The eleventh was girlish pink, like the tank top knitted from cotton that was wider than it was long and showed the navel.

The twelfth was raspberry pink, like the acrylic knitted dress that was more tight than flared.

The thirteenth was fluorescent pink, as discreet as my mother’s jogging suits when she picked me up from school.

The fourteenth was purple pink, like the intimidated cheeks when a pretty girl talks to you and you try to listen to her, or at least to give the illusion that you’re not just contemplating her person, or at least her body.

The fifteenth was nacarat red, like the cherry of which I dream, held by the fine, delicate, white hand of the odalisque stretched out on her meridian looking at you.
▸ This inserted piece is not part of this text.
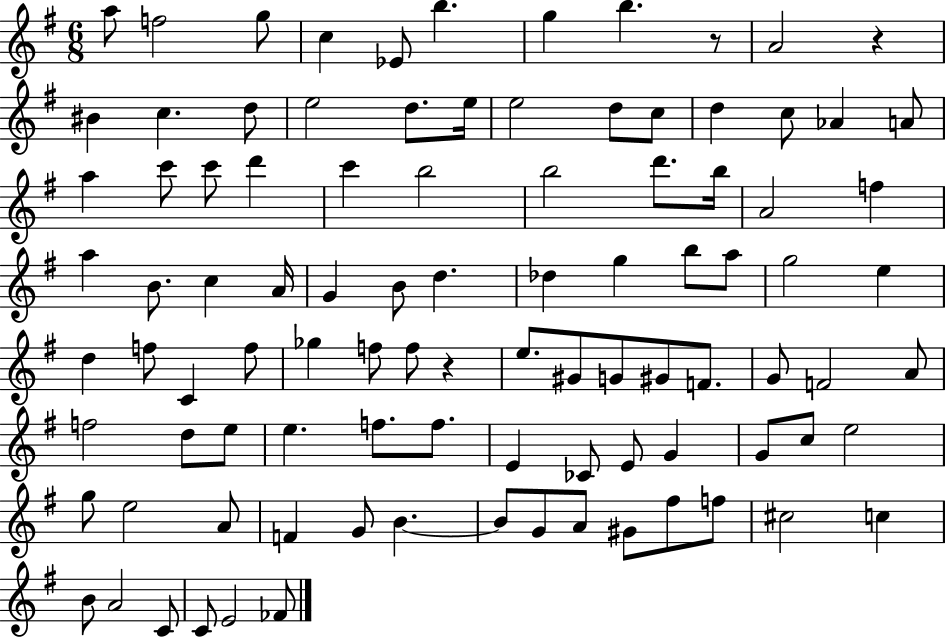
A5/e F5/h G5/e C5/q Eb4/e B5/q. G5/q B5/q. R/e A4/h R/q BIS4/q C5/q. D5/e E5/h D5/e. E5/s E5/h D5/e C5/e D5/q C5/e Ab4/q A4/e A5/q C6/e C6/e D6/q C6/q B5/h B5/h D6/e. B5/s A4/h F5/q A5/q B4/e. C5/q A4/s G4/q B4/e D5/q. Db5/q G5/q B5/e A5/e G5/h E5/q D5/q F5/e C4/q F5/e Gb5/q F5/e F5/e R/q E5/e. G#4/e G4/e G#4/e F4/e. G4/e F4/h A4/e F5/h D5/e E5/e E5/q. F5/e. F5/e. E4/q CES4/e E4/e G4/q G4/e C5/e E5/h G5/e E5/h A4/e F4/q G4/e B4/q. B4/e G4/e A4/e G#4/e F#5/e F5/e C#5/h C5/q B4/e A4/h C4/e C4/e E4/h FES4/e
The sixteenth was metallic fuchsia pink, as ugly as Jeff Koons’ Balloon Dog sculpture in front of the François Pinault Foundation in Venice.

The seventeenth was a deceptive pink where the pink has lost all its brilliance, which has become grey, car grey, carpet grey, dirty windows grey, architecture grey, sky grey.

The eighteenth was peachy pink, like the architectural stripes of the Grand’Mare high-rise buildings.

The nineteenth was fleshy pink, like babies that we don’t know how to carry, that seem to be lunatic to the extreme, oscillating between smiles and tears.

The twentieth was old pink, like the Jardin de Mimi patchwork with triangles of pink and green cameos that is falling apart on my chair.

The twenty-first was Mountbatten pink like the edges of the school’s playground roof.

The twenty-second was salmon pink like the box containing a whole salmon that a man was carrying on the bus this morning.

The twenty-third was future pink like the unknown but charming future.

The twenty-fourth may be scarlet like after reading this text.